● Work item:
Write out the listing below in its entirety, minus the pictures, without changing a word.

● Supplied entries:
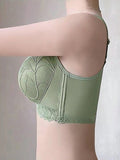 Sencillo Sujetador Inalambrico De Encaje Floral Solido Con Lazo, Sujetador De Cobertura Completa Comodo Y Transpirable, Lenceria Y Ropa Interior Para Mujeres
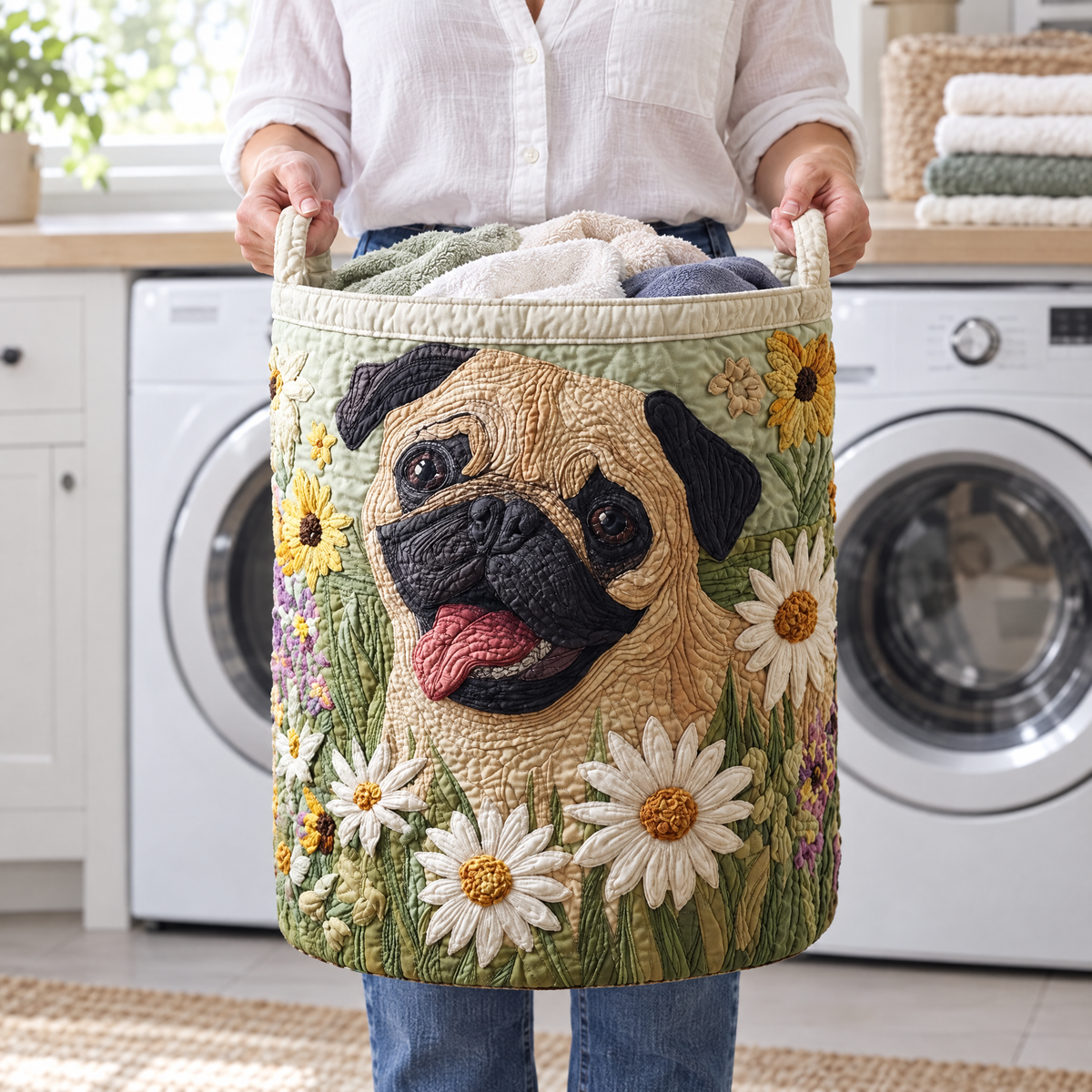 Pug Among the Daisies Quilted Basket
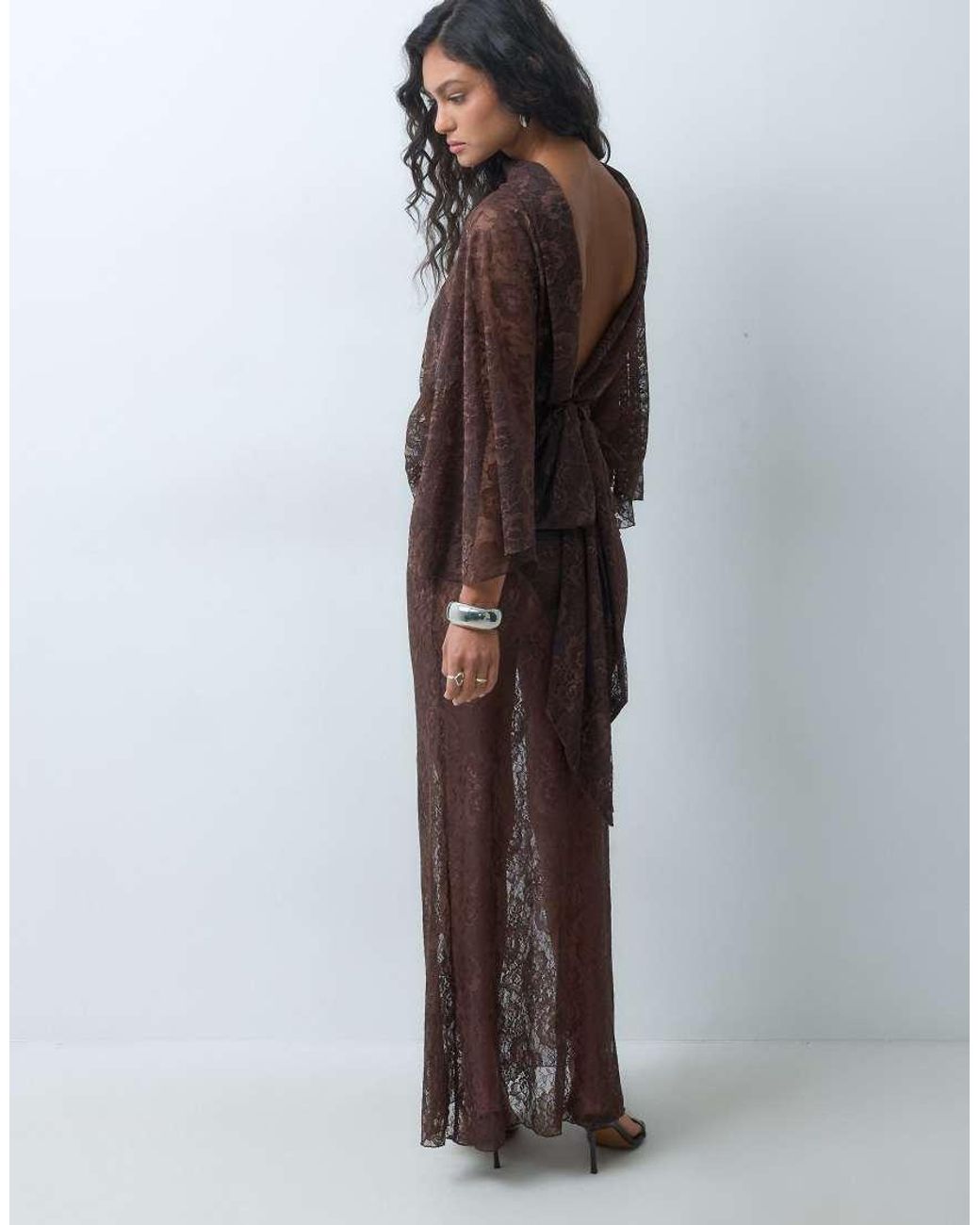 ASOS Brown Lace Flutter Sleeve V Back Maxi Dress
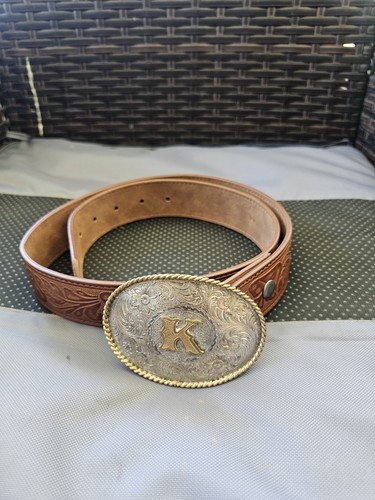 Vtg Montana Silversmiths Western Letter K Floral Buckle w/Brown Leather Belt V2 - Picture 2 of 11
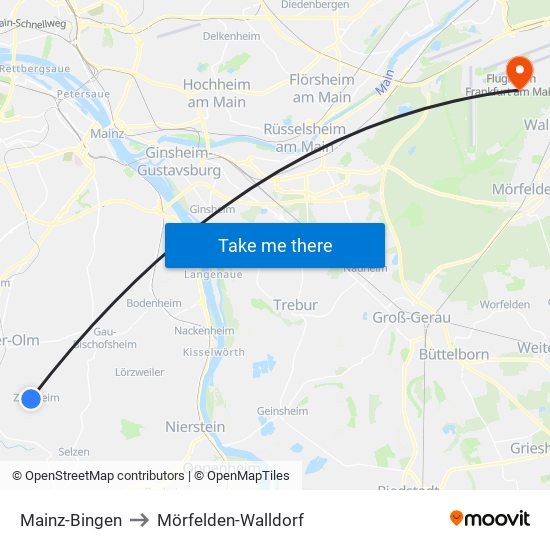 Mainz-Bingen to Mörfelden-Walldorf map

● Result:
 Sencillo Sujetador Inalambrico De Encaje Floral Solido Con Lazo, Sujetador De Cobertura Completa Comodo Y Transpirable, Lenceria Y Ropa Interior Para Mujeres
 Pug Among the Daisies Quilted Basket
 ASOS Brown Lace Flutter Sleeve V Back Maxi Dress
 Vtg Montana Silversmiths Western Letter K Floral Buckle w/Brown Leather Belt V2 - Picture 2 of 11
 Mainz-Bingen to Mörfelden-Walldorf map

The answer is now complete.